[Records from a dataset]
"""

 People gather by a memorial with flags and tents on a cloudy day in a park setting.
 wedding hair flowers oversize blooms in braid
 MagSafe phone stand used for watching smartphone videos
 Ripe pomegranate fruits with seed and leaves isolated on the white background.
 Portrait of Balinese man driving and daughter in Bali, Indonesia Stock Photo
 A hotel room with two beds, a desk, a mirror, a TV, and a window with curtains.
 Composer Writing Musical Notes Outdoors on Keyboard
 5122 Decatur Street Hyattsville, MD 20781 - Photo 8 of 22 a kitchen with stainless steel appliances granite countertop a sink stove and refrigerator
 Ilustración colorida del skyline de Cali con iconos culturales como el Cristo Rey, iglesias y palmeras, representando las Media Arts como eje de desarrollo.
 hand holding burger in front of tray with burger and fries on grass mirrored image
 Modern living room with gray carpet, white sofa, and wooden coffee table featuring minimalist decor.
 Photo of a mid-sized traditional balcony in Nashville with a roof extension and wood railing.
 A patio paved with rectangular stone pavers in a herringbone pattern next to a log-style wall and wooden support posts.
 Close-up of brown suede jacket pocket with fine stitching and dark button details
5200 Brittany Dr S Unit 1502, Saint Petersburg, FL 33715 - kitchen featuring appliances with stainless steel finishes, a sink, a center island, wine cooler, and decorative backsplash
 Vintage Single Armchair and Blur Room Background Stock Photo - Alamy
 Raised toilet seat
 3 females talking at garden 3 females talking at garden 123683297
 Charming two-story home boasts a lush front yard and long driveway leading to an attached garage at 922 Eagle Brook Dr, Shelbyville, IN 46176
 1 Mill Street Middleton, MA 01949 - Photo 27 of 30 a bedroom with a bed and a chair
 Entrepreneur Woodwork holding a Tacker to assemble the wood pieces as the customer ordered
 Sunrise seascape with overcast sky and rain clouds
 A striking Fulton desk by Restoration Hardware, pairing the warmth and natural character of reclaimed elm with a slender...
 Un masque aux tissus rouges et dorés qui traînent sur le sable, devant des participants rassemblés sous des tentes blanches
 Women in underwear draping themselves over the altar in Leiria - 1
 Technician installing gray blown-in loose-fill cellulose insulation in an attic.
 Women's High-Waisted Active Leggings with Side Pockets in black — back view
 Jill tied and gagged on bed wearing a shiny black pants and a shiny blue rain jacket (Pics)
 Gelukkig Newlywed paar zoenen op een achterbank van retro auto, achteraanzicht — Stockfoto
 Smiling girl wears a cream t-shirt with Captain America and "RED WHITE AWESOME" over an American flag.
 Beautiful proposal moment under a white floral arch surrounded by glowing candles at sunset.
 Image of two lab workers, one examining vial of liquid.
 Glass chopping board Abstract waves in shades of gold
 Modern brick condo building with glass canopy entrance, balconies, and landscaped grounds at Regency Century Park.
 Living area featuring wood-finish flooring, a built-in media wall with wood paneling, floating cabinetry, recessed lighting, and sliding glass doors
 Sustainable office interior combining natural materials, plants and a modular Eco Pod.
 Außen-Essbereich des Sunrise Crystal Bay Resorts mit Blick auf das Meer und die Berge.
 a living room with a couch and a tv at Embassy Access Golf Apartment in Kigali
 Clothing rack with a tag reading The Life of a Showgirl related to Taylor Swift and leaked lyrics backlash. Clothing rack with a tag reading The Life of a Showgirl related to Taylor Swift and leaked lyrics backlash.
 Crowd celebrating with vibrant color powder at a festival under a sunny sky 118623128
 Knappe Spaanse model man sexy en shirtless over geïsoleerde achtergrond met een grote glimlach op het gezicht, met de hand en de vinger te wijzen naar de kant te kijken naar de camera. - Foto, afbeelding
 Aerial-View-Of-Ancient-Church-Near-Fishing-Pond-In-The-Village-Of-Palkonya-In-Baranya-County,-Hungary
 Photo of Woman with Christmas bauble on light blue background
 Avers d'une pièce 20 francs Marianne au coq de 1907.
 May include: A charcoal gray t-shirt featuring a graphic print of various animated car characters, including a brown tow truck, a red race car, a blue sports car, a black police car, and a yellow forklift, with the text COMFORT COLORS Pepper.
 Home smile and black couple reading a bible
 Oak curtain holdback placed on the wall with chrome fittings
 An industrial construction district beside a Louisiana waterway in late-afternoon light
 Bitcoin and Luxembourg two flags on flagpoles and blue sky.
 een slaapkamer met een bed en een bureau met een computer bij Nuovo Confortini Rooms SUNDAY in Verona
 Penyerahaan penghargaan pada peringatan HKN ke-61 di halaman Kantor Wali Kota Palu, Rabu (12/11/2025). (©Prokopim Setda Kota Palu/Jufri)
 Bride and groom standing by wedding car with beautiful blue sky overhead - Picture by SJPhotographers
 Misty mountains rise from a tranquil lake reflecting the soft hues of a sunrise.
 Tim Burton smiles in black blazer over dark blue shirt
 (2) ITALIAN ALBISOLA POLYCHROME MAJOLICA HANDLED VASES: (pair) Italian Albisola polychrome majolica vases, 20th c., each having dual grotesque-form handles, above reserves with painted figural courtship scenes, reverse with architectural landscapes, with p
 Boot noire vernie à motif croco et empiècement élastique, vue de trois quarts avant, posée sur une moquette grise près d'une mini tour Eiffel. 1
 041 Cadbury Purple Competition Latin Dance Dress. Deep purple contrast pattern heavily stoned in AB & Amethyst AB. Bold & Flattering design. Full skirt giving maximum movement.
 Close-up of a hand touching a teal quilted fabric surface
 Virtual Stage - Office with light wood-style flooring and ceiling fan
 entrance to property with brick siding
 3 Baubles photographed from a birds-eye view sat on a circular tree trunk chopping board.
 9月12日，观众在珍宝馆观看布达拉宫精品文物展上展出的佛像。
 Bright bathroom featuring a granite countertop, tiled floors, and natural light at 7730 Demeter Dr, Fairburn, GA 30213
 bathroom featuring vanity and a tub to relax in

"""

**Assigned task**
Look through the data above and return exactly the lines from the one that contains "May include: A" to the one that contains "(2) ITALIAN ALBISOLA", inclusive, with nothing else.

**Output of the exercise**
 May include: A charcoal gray t-shirt featuring a graphic print of various animated car characters, including a brown tow truck, a red race car, a blue sports car, a black police car, and a yellow forklift, with the text COMFORT COLORS Pepper.
 Home smile and black couple reading a bible
 Oak curtain holdback placed on the wall with chrome fittings
 An industrial construction district beside a Louisiana waterway in late-afternoon light
 Bitcoin and Luxembourg two flags on flagpoles and blue sky.
 een slaapkamer met een bed en een bureau met een computer bij Nuovo Confortini Rooms SUNDAY in Verona
 Penyerahaan penghargaan pada peringatan HKN ke-61 di halaman Kantor Wali Kota Palu, Rabu (12/11/2025). (©Prokopim Setda Kota Palu/Jufri)
 Bride and groom standing by wedding car with beautiful blue sky overhead - Picture by SJPhotographers
 Misty mountains rise from a tranquil lake reflecting the soft hues of a sunrise.
 Tim Burton smiles in black blazer over dark blue shirt
 (2) ITALIAN ALBISOLA POLYCHROME MAJOLICA HANDLED VASES: (pair) Italian Albisola polychrome majolica vases, 20th c., each having dual grotesque-form handles, above reserves with painted figural courtship scenes, reverse with architectural landscapes, with p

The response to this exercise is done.